Utilizing echocardiography and unsupervised machine learning for heart failure risk identification

Background: Global longitudinal strain (GLS) is recognized as a powerful predictor of heart failure (HF). However, the entire strain curve may entail important prognostic information regarding HF risk that might be undiscovered by only focusing on the peak strain value. Objective: The hypothesis of the present study was, that analysis of the entire strain curve using unsupervised machine learning (uML) would reveal novel ventricular deformation patterns capable of predicting incident HF independently of GLS. Methods: Longitudinal strain curves from 3710 subjects from the general population without prevalent HF were analyzed using uML. Results: Mean age was 56 years and 43 % were male. During a median follow-up of 5.3 years, 92 subjects (2.5 %) developed HF. The uML algorithm generated a hierarchical clustering tree (HCT) resulting in 10 different clusters.
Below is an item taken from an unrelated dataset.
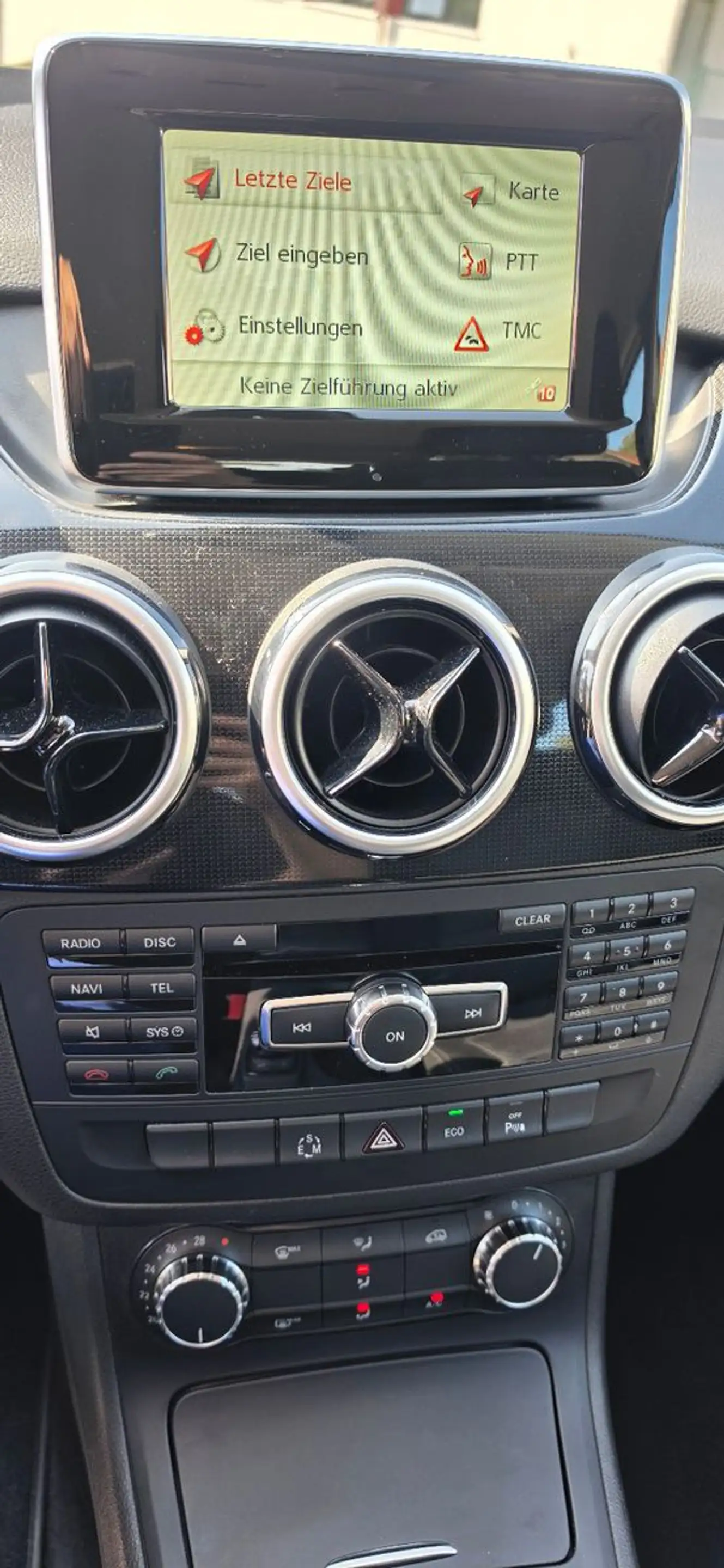 Mercedes-Benz B 200 Automatik, 1. Hand, Garantie !!! — photo 15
Generally, the strain curves displayed reduced early diastolic strain to peak-strain ratio with an increasing incidence rate of HF. In multivariable Cox regressions, cluster 9 was significantly associated with increased risk of HF when compared to cluster 2-5, and 7-8 [For cluster 3: HR 8.95, 95 %CI: 2.08;38.48, P = 0.003] even though the subjects of cluster 9 were younger, displayed healthier clinical baseline characteristics, and only had slightly reduced GLS. The mean strain curve of cluster 9 displayed an early systolic lengthening followed by a late and reduced contraction specifically related to the basal lateral segment. Conclusion: The unsupervised machine learning algorithm identified unknown strain patterns beyond GLS presumably related to increased risk of HF.